Spatio-temporal modeling and forecasting with Fourier neural operators
Pratik Nag, Andrew Zammit-Mangion, Sumeetpal Singh, Noel Cressie

TL;DR
This paper introduces Fourier neural operators (FNOs) as a novel, efficient approach for modeling and forecasting complex spatio-temporal phenomena without explicit PDE knowledge, demonstrating superior accuracy and uncertainty quantification.
Contribution
It proposes using FNOs for dynamic spatio-temporal modeling, enabling flexible, PDE-agnostic forecasts of physical and biological processes.
Findings
FNO forecasts outperform traditional methods in simulations.
FNO-based models accurately capture real-world temperature and precipitation data.
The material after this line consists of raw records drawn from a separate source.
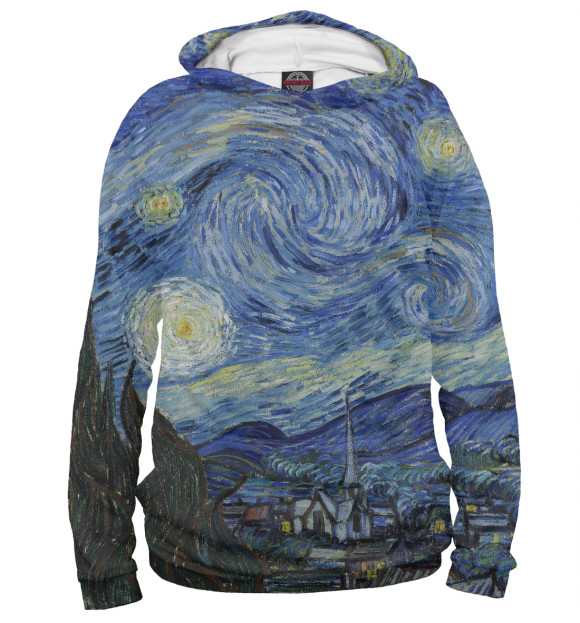 Мужское худи с изображением Звездная ночь - Ван Гог Винсент цвета Белый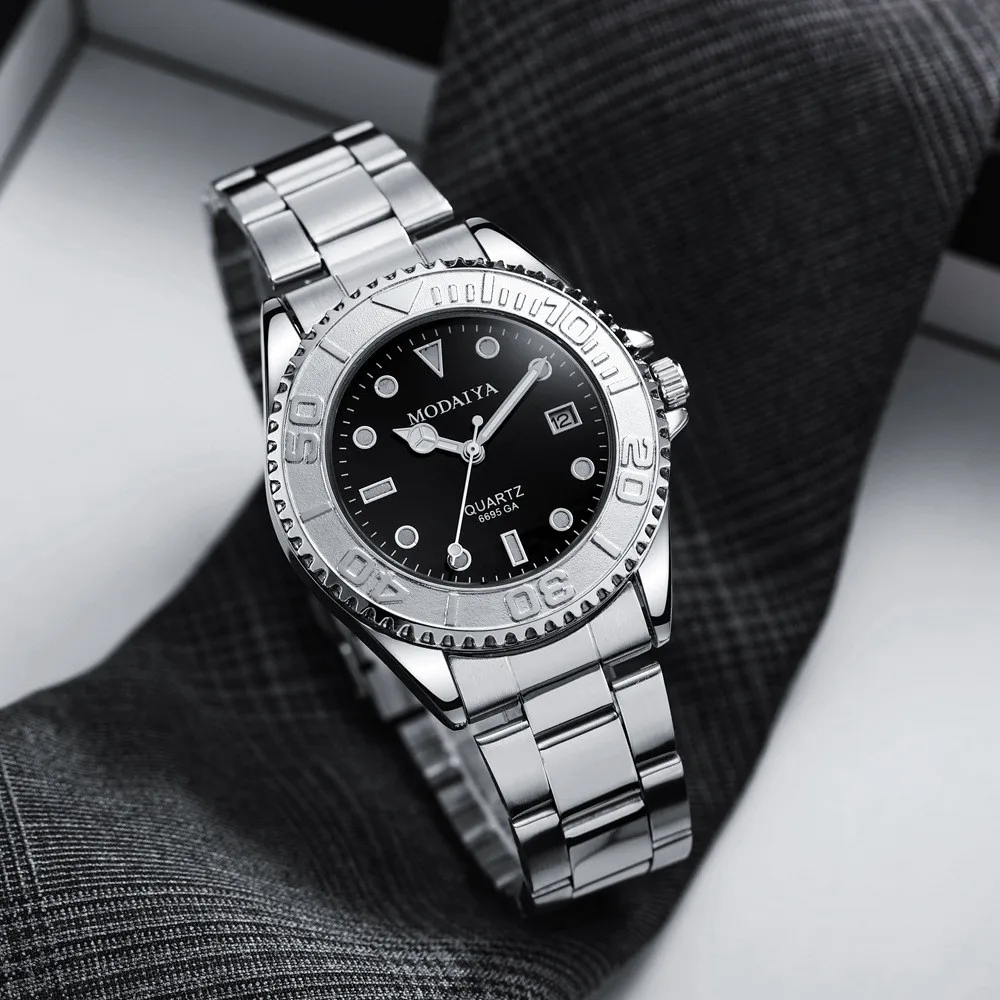 Stainless steel Calendar Men's Quartz Watches Fashion Top Luminous Three Eyes Design Military Sports Clock Gifts Wristwatches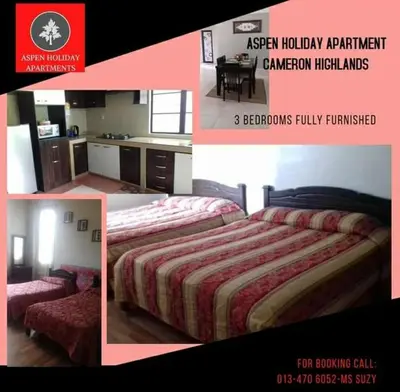 a collage of pictures of a bedroom with a bed at Aspen Holiday Apartment in Tanah Rata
FNO models provide reliable uncertainty quantification.
Abstract
Spatio-temporal process models are often used for modeling dynamic physical and biological phenomena that evolve across space and time. These phenomena may exhibit environmental heterogeneity and complex interactions that are difficult to capture using traditional statistical process models such as Gaussian processes. This work proposes the use of Fourier neural operators (FNOs) for constructing statistical dynamical spatio-temporal models for forecasting. An FNO is a flexible mapping of functions that approximates the solution operator of possibly unknown linear or non-linear partial differential equations (PDEs) in a computationally efficient manner. It does so using samples of inputs and their respective outputs, and hence explicit knowledge of the underlying PDE is not required. Through simulations from a nonlinear PDE with known solution, we compare FNO forecasts to those from…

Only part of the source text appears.